Yes, Market Share, that bogeyman lurking under the beds and in the dark closets of Mac users everywhere-- although, truth be told, the news this time around isn't as bad as we might have expected. Faithful viewer David Poves dished us the IDC press release which reveals that, in the second calendar quarter of 2004, Apple shipped 495,000 Macs in the U.S., making the company's slice of the domestic computer sales pie a mere 3.7%. Now, granted, that's more of a sliver than a slice; only one of every twenty-seven personal computers shipped in this country last quarter was a Mac, which is a big-"e" Evil on par with the likes of Enron-style corporate shenanigans, the wholesale destruction of the rain forests, and people who strap those little antlers to their cats' heads for Christmas card photos. But Apple's share a year ago was only 3.8%, so at least Apple didn't lose much ground in the past twelve months.
Indeed, this measly 3.7% figure means that Apple currently ranks as the country's fifth-largest vendor of personal computers, behind Dell and Hewlett-Packard (as if anyone was going to beat them), Gateway, and IBM. And we know what you're thinking: "Gateway? Wasn't Apple outselling that has-been years ago?" Why, yes it was, folks, at least on a global scale, but you may be forgetting that little matter of Gateway's merger with eMachines, which effectively lumps both companies' sales together now-- which certainly explains Gateway's reported 58.5% market share increase from the year-ago quarter when, in this plane of reality, Gateway hasn't even been selling enough computers alongside its plasma TVs to keep its retail stores afloat. In fact, IDC specifically notes that if the merged Gateway's sales are compared to the combined sales of both Gateway and eMachines from a year ago, the two companies actually sold 9.6% fewer computers this past quarter than they did a year ago, and their market share fell from 6.9% to 5.6%. So without the merger muddying the picture, Apple would most likely have ranked fourth instead of fifth.

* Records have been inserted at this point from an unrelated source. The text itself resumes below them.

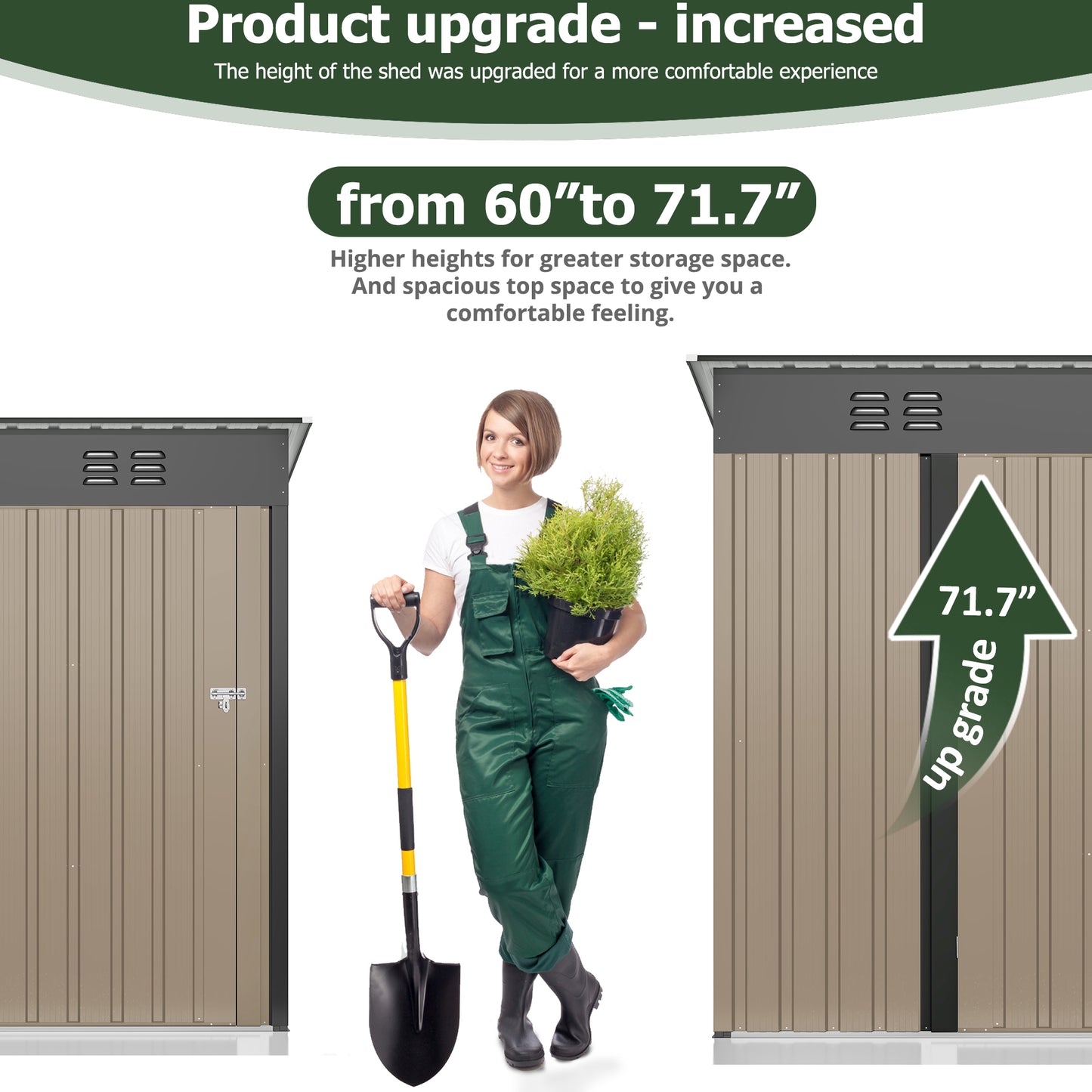 5'x3' Outdoor Metal Storage Shed with Updated Frame Structure and Lockable Doors for Backyard Garden Patio Lawn, Brown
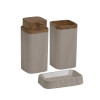 Set Baño 3 Piezas Dispensador Jabonera Porta Cepillos Beige Set Baño 3 Piezas Dispensador Jabonera Porta Cepillos Beige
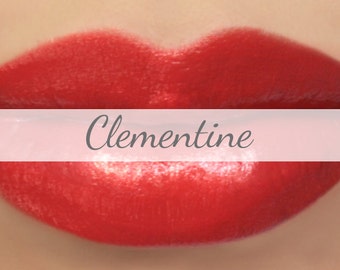 "Rot Orange Lippenstift Probe - ""Clementine"" helle natürliche Lippenfarbe."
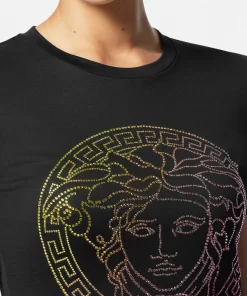 Outlet Kristallbesetztes Medusa T-Shirt Damen T-Shirts & Sweatshirts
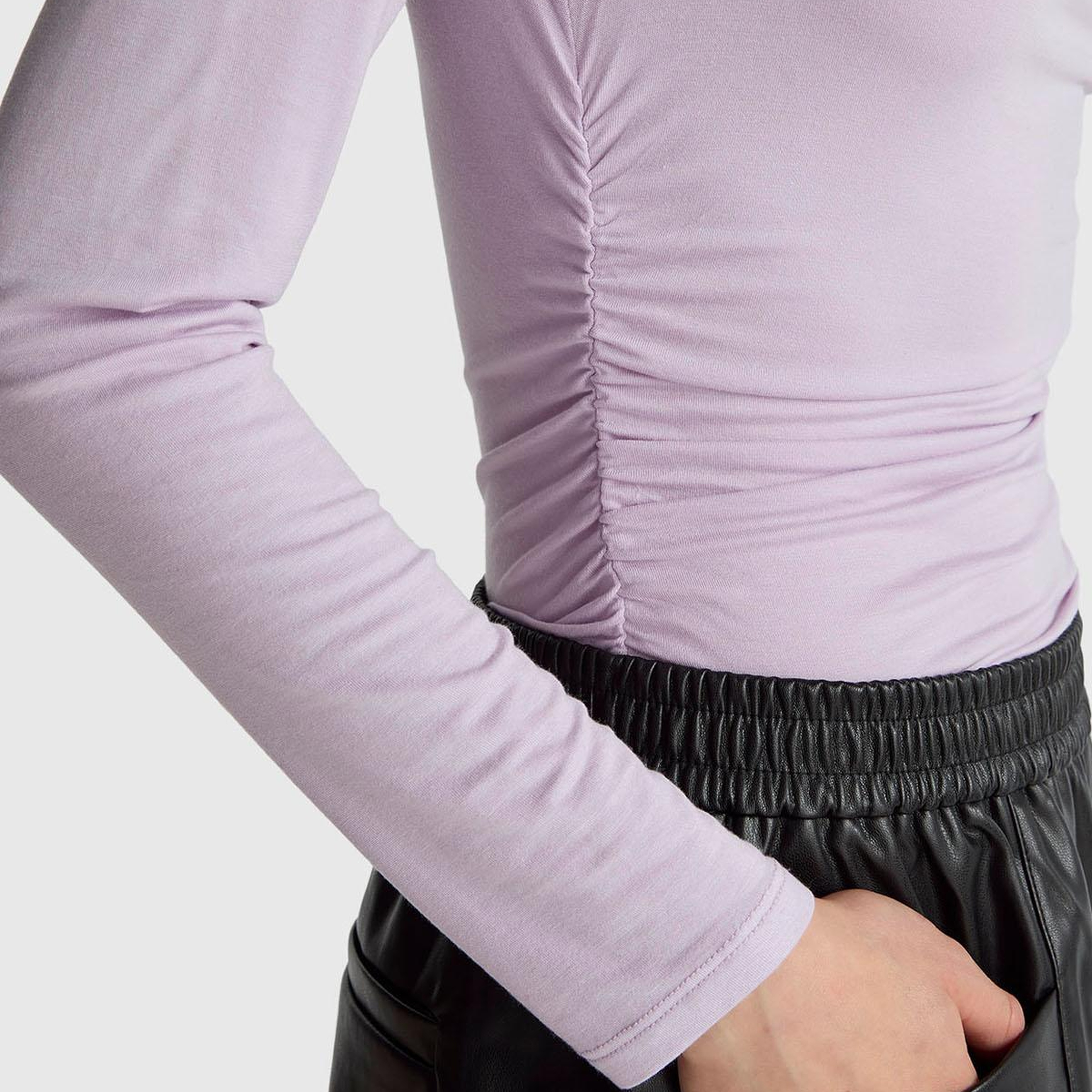 Kadın Lila Modal Karışımlı Slim Fit Kayık Yaka Uzun Kollu T-Shirt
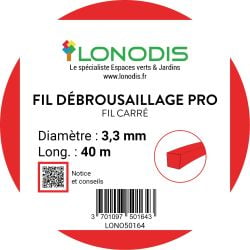 Fil de débroussaillage PRO Carré 3,3mm Rouge blister de 40m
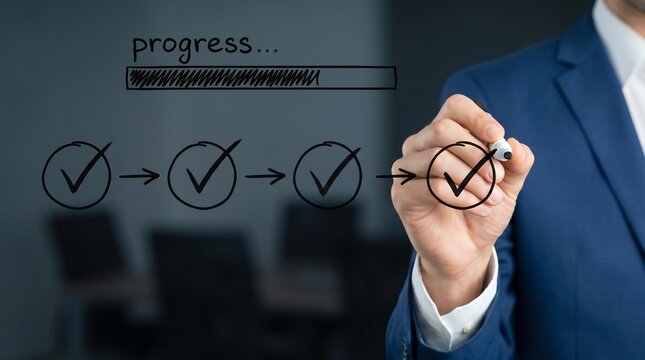 A businessman drawing a progress bar and a series of completed checkmarks on a transparent screen, symbolizing task completion and project management.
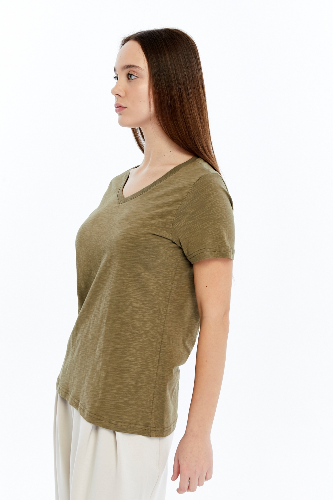 Resim Viole&More 1002 Flamlı  V Yaka Kadın T-shirt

Not that we get bogged down in silly minutiae like relative sales rankings, mind you. No, what we get bogged down in is silly minutiae like that darn market share number that creeps ever earthward, ticking slowly down to zero-- at which point Evil will have triumphed once and for all. We're not usually the type to put much stock in the doomsday prognostications of prophets and soothsayers, but they say that Apple's market share will hit 0% at precisely the same moment at which every store on the planet's surface will be either a Wal-Mart or a Starbucks. How's that for an armload of angst to drag around behind you? Hey, like we said, it's all part of being a Mac user. Go play with Exposé for a while and you'll feel right as rain.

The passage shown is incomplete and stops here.